Ich leider nicht, irgendwie hat sich mir das nicht erschlossen als ich damit zu tun hatte. Aber ich stieß vor kurzem Mal wieder darauf und da hatte ich das Gefühl es würde mir jetzt doch was sagen.
dr: Ja, aber ich erinnere mich kaum noch da dran. Das ist irgendwie einfach so durch mich durch geflossen. Ohne dass ich das wirklich philosophisch erörtern könnte. Im Moment ist mir Hegel oder Kojeves Interpretation von Hegel viel näher. Aber um auf unsere Ausstellung zurückzukommen: dein Satz THE WEST IS DEAD LONG LIVE THE WEST würde ja prima dazu passen, zu einem Bruch in der Zeit.
fk: Ja klar. Um den Bruch der Zeit geht es, diesen deutlich machen.
Das ist mir wichtig, deswegen der ganze Aufwand.

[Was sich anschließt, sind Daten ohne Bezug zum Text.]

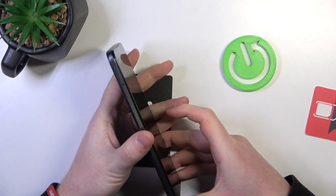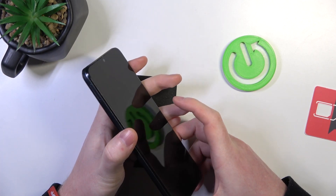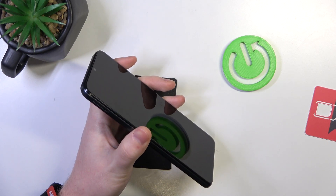Hello, in this video we're gonna check if there's a dual SIM slot on a Motorola E22L.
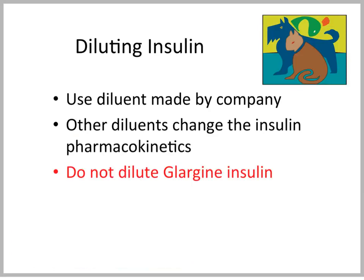We already talked about diluting insulins when we talked about glaucine. Glaucine should never be diluted. Other insulin preparations could be diluted, but if you do that, you would need to use the diluent provided by the company. Otherwise, you completely change the pharmacokinetics of that insulin preparation.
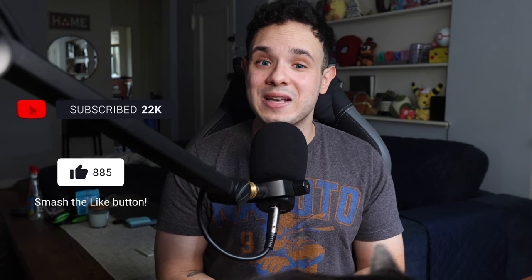But once again, thank you all so much for watching and I will see you guys next week for another video. Bye!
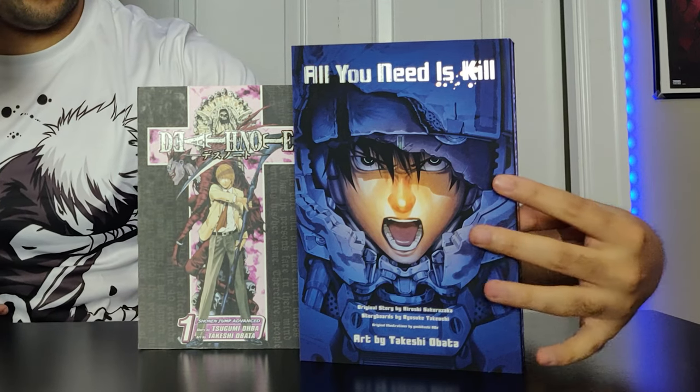But before we begin, I just want to do a quick size comparison so you guys can see how beautiful and hefty this omnibus edition is and truly appreciate its size. Death Note — how fitting, right? There you go guys, you can get a quick preview of that. But anyway, let's get to the flip-through of this awesome volume.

Auch für mich und uns selber. Das ist für mich auch immer so ne Art Gehirn Yoga um mental fit zu bleiben.
Man muss das ja irgendwie realisieren um drauf schauen und drüber reden zu können, so wie jetzt. Ganz pragmatisch also eigentlich
dr: Aber so ein richtiger Bruch ist es ja dann auch nicht, weil du ja schreibst Long live the West. Also: es geht einfach weiter. Doch das Ende der Geschichte?
Ich glaube, diesmal könnten wir es wirklich schaffen, diesen Bruch also den Einbruch der Realität zu umgehen und zwar mithilfe der Technik, um dann so auf ewig die Gegenwart zu erhalten.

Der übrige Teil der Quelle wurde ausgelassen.